An appreciation of the pathology of the lymphatic system requires a brief allusion here to the latest investigations and conclusions regarding the purpose of the lymph as a fluid and the channels by which it is distributed. Under the term lymph, Hall has included four different types: (1) Tissue lymph, which fills the intercellular spaces throughout the body; (2) circulating lymph, which passes through the lymphatic capillaries into the circulatory system by way of the thoracic duct; (3) chyle, or the peculiar circulating lymph of the intestinal tract, which carries into the general circulation its load of nutritive material; (4) serous lymph, i. e., the contents of the serous cavities. Closely related to the latter are the aqueous humor, the cerebrospinal and the synovial fluids. All these fluids, except chyle, contain at least 95 per cent. of water and nearly 4 per cent. of proteids.
The lymph is the only fluid which comes into contact with all the living cells of the body; it pervades every part of its substance to such an extent that it has been said that the higher animals are essentially aquatic because they practically live in a watery medium. Blood normally comes into contact only with the endothelial cells of the vessels and with those cells in the splenic pulp and perhaps other localities which have to do with its elaboration, and these are but a minute proportion of the total cells of the body. All the rest receive their nutrition and even their oxygen through the lymph, which receives them from the blood. Moreover, nearly all the waste materials of the body are emptied into the lymphatic system, and thus directly or indirectly find their way into the blood to be further extruded. Thus, with the exception of the endothelium, the lymph is the medium of exchange between blood and tissue. In this the lymph and the lymphatics play a role which even for the surgeon must be of the greatest importance.

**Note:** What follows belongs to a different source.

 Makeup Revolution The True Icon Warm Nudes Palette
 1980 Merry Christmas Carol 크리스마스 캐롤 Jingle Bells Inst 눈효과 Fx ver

The amount of lymph which empties into the vena cava from the thoracic duct represents only that which comes from the viscera, bearing its special load of nutritive material. When we consider the communication between the blood-vascular and the lymph-vascular systems, the promptitude with which material injected into the tissues (e. g., salt solution) is taken up by the lymphatics and its effects made known through the bloodvessels, we will better appreciate how deleterious material also can be quickly distributed through the system. The lymph then must be regarded as a fluid derived from the blood by combined filtration and osmosis, which makes its way back into the blood again with equal ease.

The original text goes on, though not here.